■ Exercise material ■
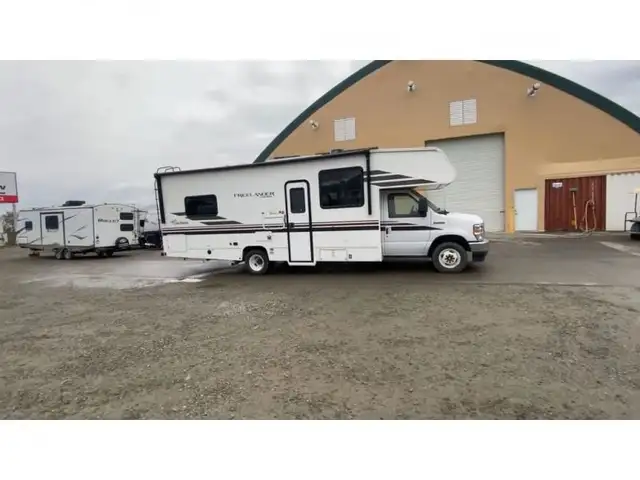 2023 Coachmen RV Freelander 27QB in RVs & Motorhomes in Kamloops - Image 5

--

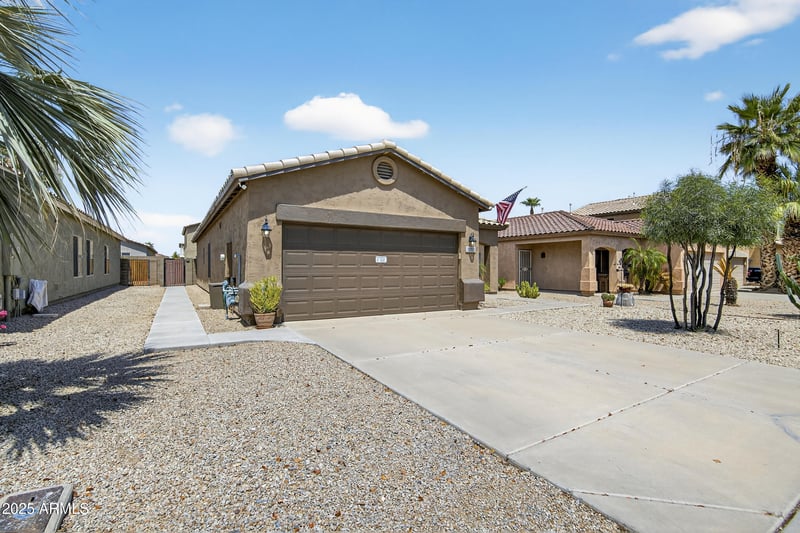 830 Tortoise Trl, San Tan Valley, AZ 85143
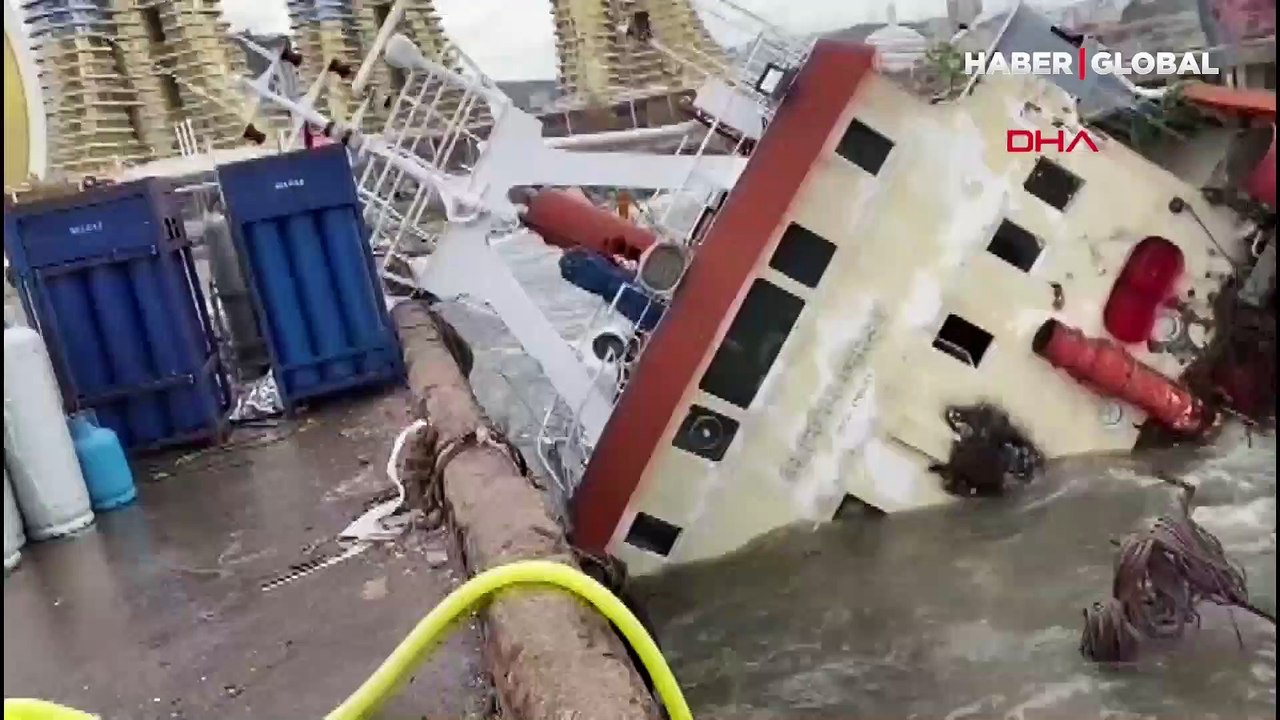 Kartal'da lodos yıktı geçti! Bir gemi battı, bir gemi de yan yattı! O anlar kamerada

---

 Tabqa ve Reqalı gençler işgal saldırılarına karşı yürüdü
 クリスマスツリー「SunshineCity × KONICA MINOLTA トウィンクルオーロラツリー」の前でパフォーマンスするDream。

■ Task ■
Output only the lines above from the line that holds "830 Tortoise Trl, San Tan Valley, AZ 85143" through the line that holds "Kartal'da lodos yıktı", both ends included, and exclude pictures.

■ Final answer ■
 830 Tortoise Trl, San Tan Valley, AZ 85143
 Kartal'da lodos yıktı geçti! Bir gemi battı, bir gemi de yan yattı! O anlar kamerada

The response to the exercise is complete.